You must utilize the provided LaTeX style files to produce your report. I am
more than happy to answer questions, but Google, Piazza and Stack Overflow are where I find all my answers so you should
try them first.
Details about the paper requirements are available here.
Note that your grade is not based on how novel your results are, but rather in your ability
to convey your understanding of the problem and analyze your results. My final grade is based on (a) the design and execution of the experiment as well as (b) the thoroughness and readability of the paper.
Presentation (30%)
Your group will present during the exam period on December 21 from 9am-noon. I am to provide ~15 minutes per group plus 2-3 minutes for questions (20 minutes maximum). The grade for this portion is completely based on your delivery, not the difficulty of the project or the impressiveness of results. Having a great project but failing to communicate your design, results, and analysis will result
in a poor grade. Please work on your slides throughout the project, and practice with another group present at least once. All members of the group are expected to present equally. Please follow Prof. Newhall's Presentation Guidelines for tips.
A few general comments:
- Your presentation should use figures and diagrams wherever possible.

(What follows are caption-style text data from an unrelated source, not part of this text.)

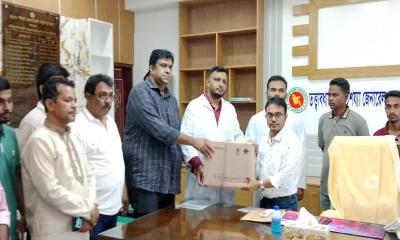 ডেঙ্গু রোগীদের জন্য জিয়াউর রহমান ফাউন্ডেশনের চিকিৎসা সামগ্রী বিতরণ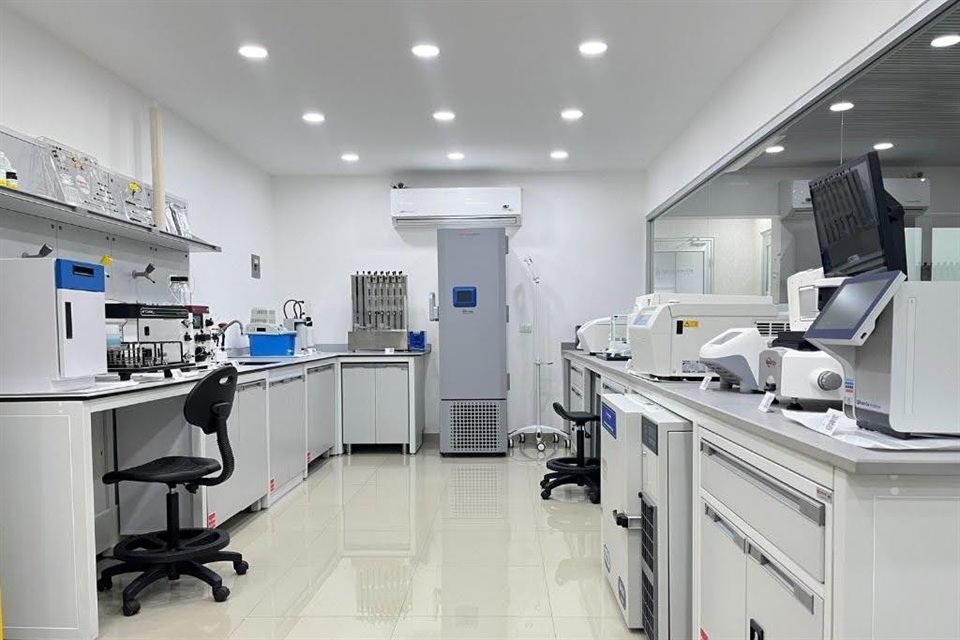 Showroom, Oficina Matriz CTR Scientific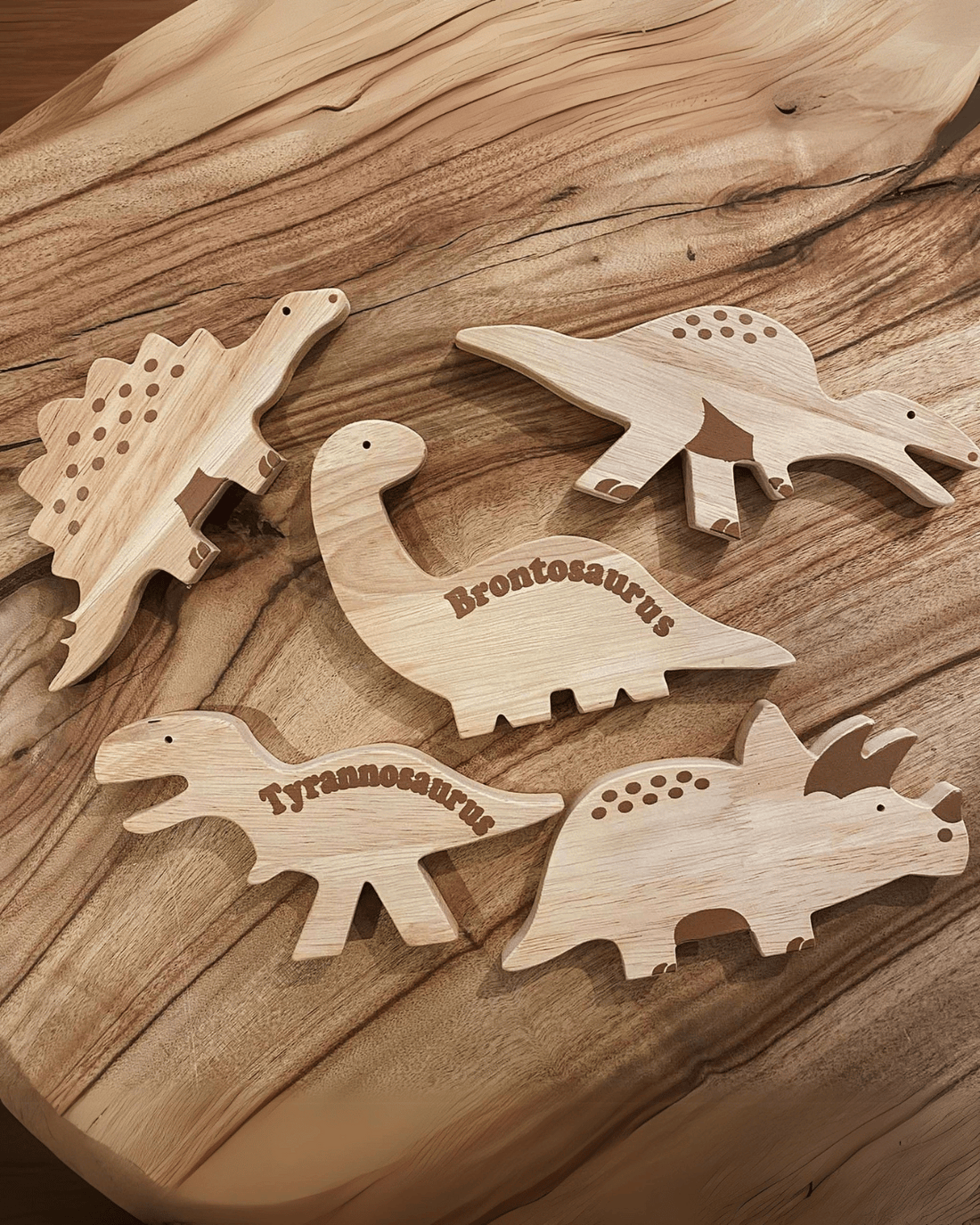 Qtoys Set of 5 Wooden Block Dinosaurs Brontosaurus Tyrannosaurus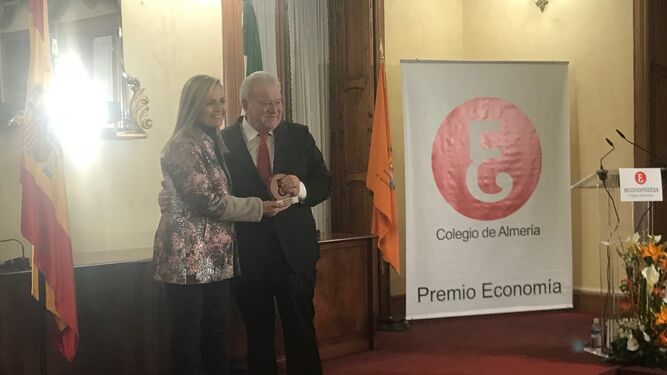 Maribel Sánchez entrega el premio a José Antonio Santorromán.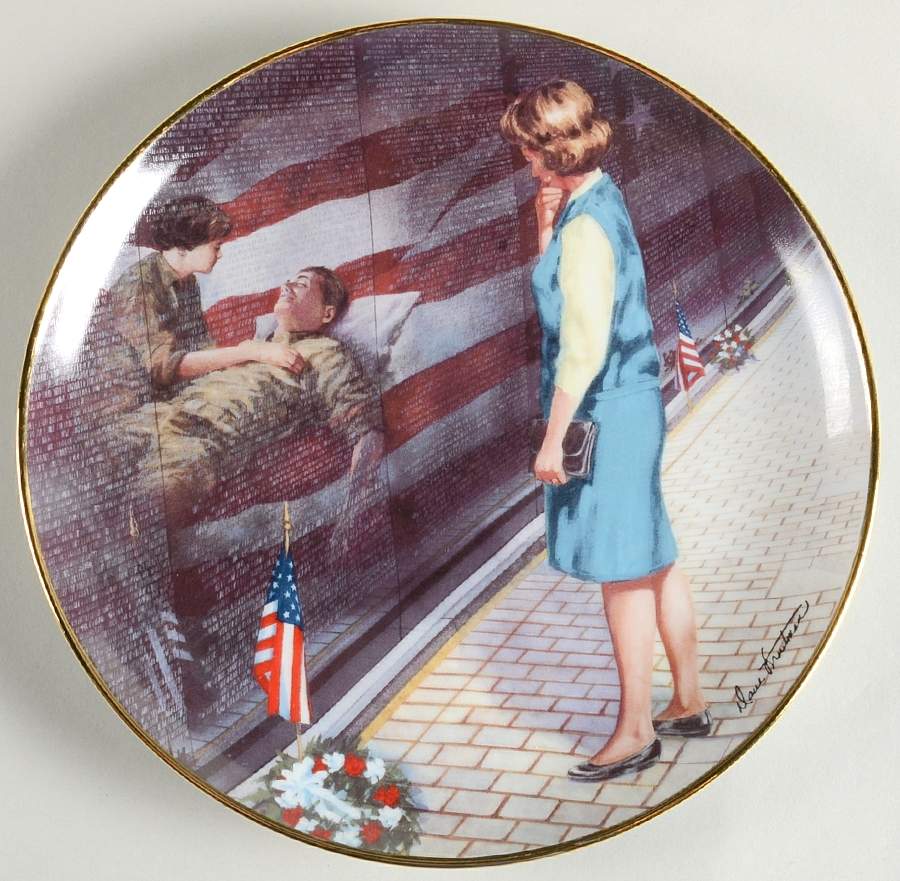 Vietnam Veterans Memorial Reflections Of Love - No Box by Franklin Mint-1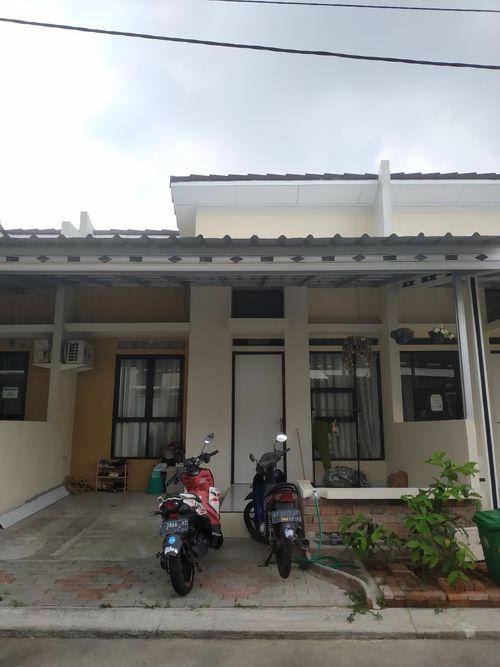 foto contoh rumah perumahan Perumahan Galuh Mas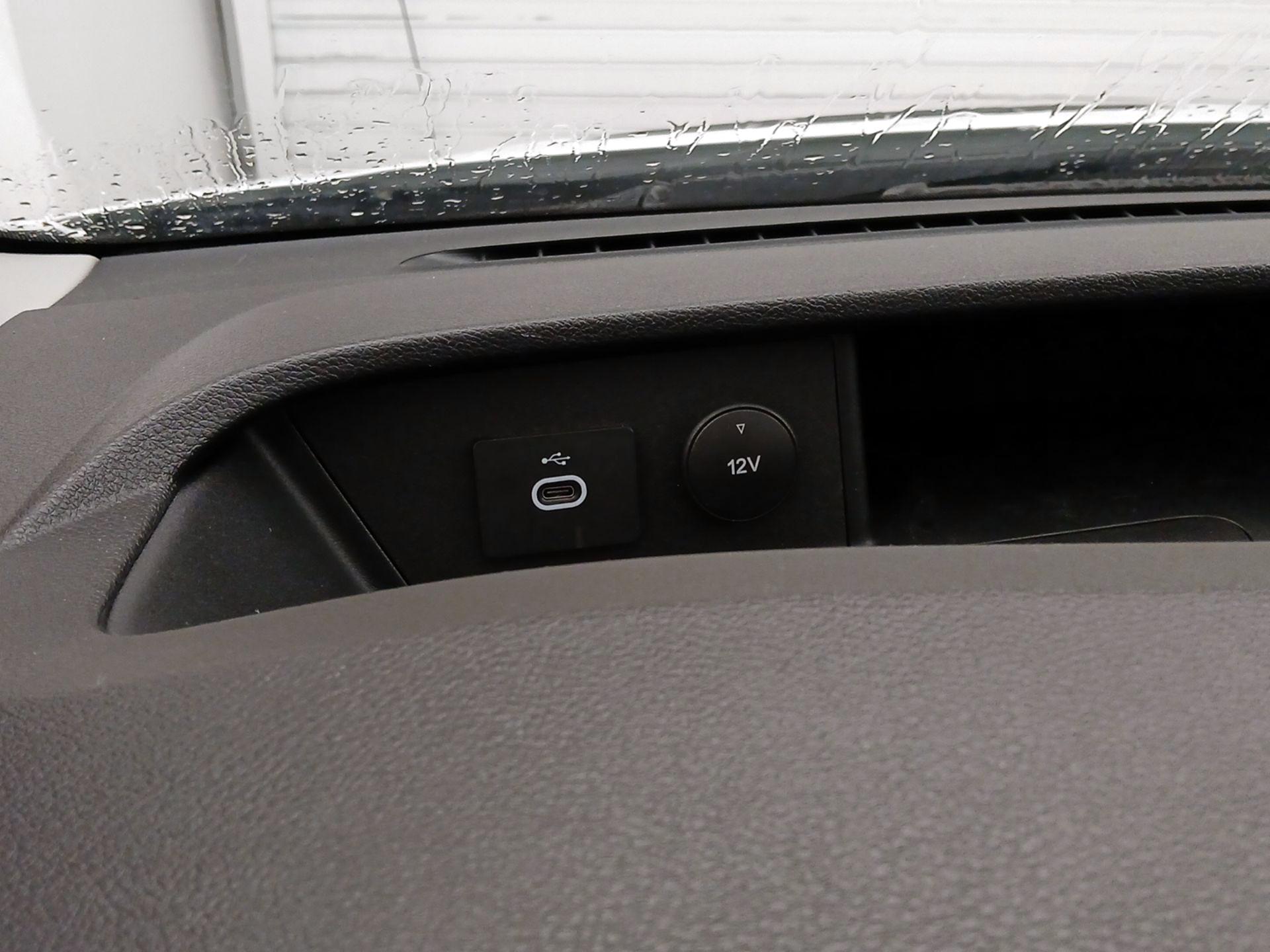 Thumbnail: 2023 Ford Transit Series - 19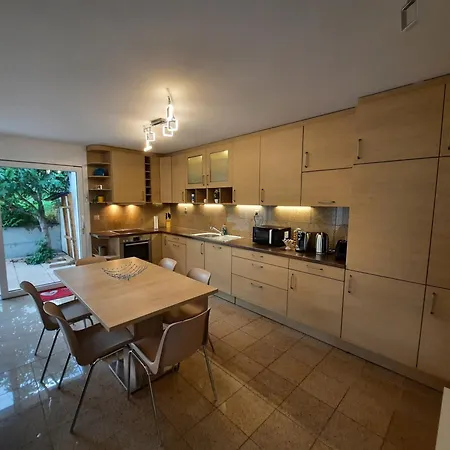 Au Pied Du Coteau Ensoleille Apartamento *
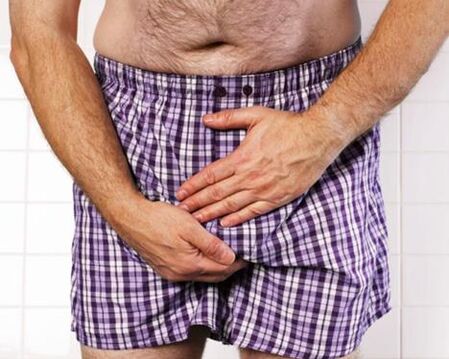Exacerbácia prostatitídy u mužov sa prejavuje bolesťou v miešku a perineu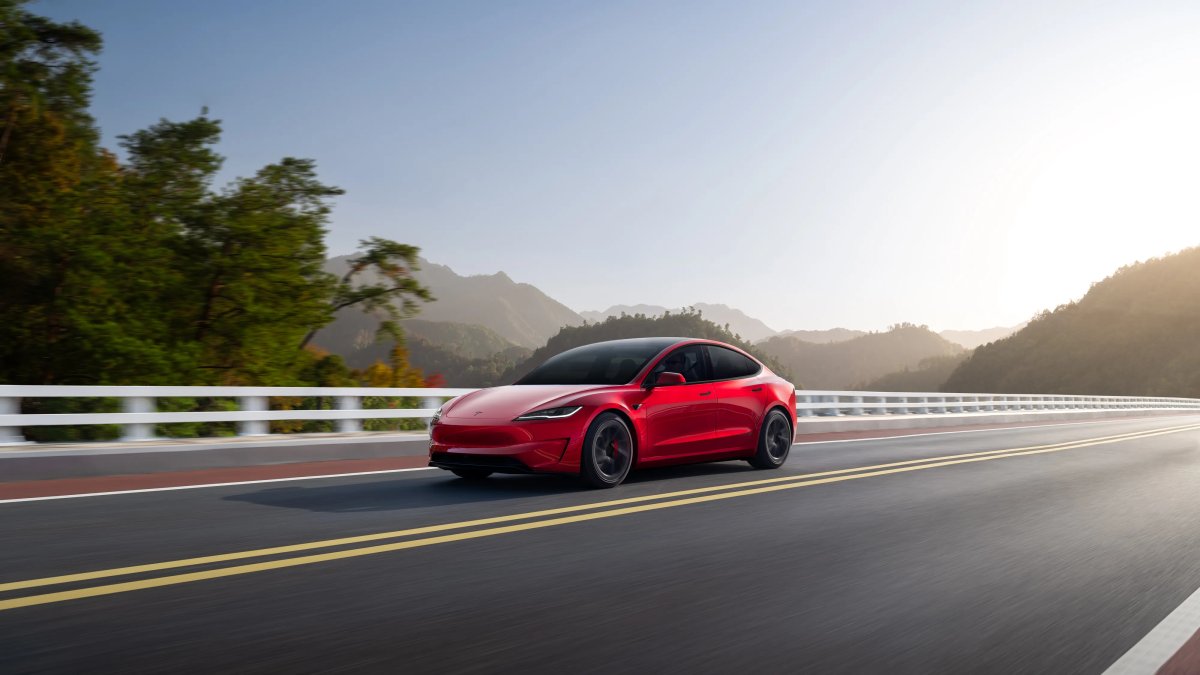 Tesla Hits $546 Million in Annual Recurring Revenue from FSD Subscript ...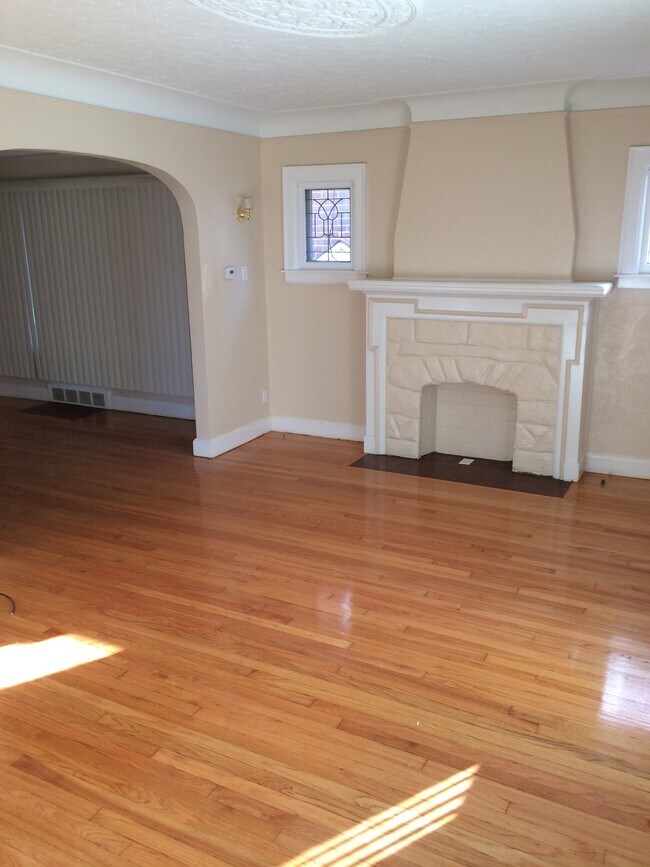 Building Photo - 10880 Stratman St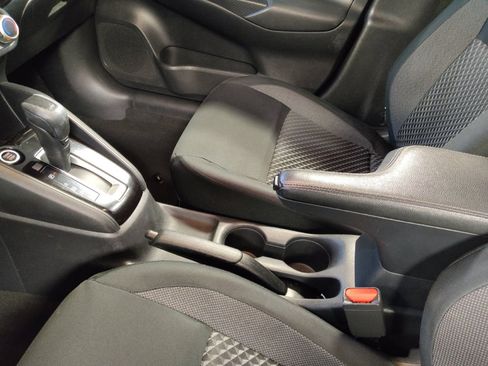 Used 2020 Nissan Versa S FWD image 26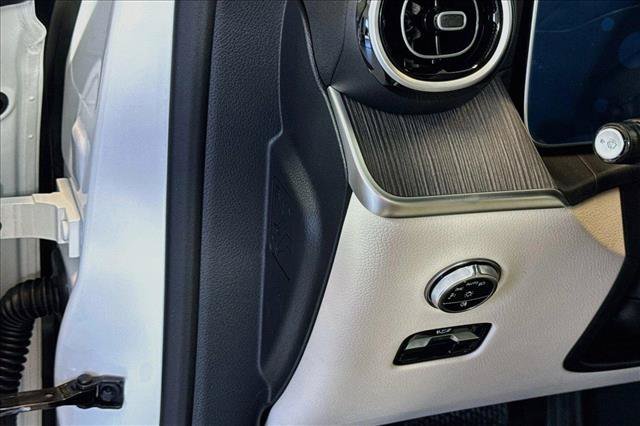 New 2026 Polar White Mercedes-Benz GLC 300 image 39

In particular, you will probably have to make new figures in addition to what you
plan on putting in your paper. A visual aid is always better than words on a slide.
- Slides should not be cluttered; provide concise outline of main points,
not a transcript of what you are going to say. You don't want the audience
reading your slide, you want them paying attention to you. When in doubt,
use figures and illustrations.
- Practice. Practice. Practice.
The easiest way to handle nerves is to be comfortable with what you plan to say,
and to have given a talk to an audience beforehand.
- The presentation will be in Science Center 181. Please let me know how you plan
to present - using the room Mac or your own laptop. Either way,
do a dry run in that room or similar room with your preferred device.
I will use rubrics that are very similar to the following:
Submitting your Project
You should hand in:
- In the subdirectory paper, place all files required to compile this document, including your images, bib file, and source tex files. I must be able to compile the document from source.
- When I compile your report, the resulting pdf should be include the name of all participants, e.g. agilchr1-tgelles1.pdf. This requires two changes: change TARGET on line 2 of your file paper/Makefile (TARGET=agilchr1-tgelles1) and rename userID1-userID2.tex to match the format of your target e.g., agilchr1-tgelles1.tex. You are still responsible for your
file compiling on our systems if you use an IDE like overleaf.
- In the code directory, all of scripts and main programs
you developed for the project. Include a README describing the purpose of
each file and how to use them to produce the results. Your code should
be well designed and commented. If you used downloaded software, state as much
in the README file.
- Submit data used for evaluation in the repository if it is small in size. If it is large, please contact me
ahead of the deadline to make arrangements. Place a README file as well,
describing the source of the data (paper, website) and any pre-processing
steps you utilized (e.g., throwing out incomplete data). The idea is to
make it easy for me or someone else to re-use your data and replicate your results.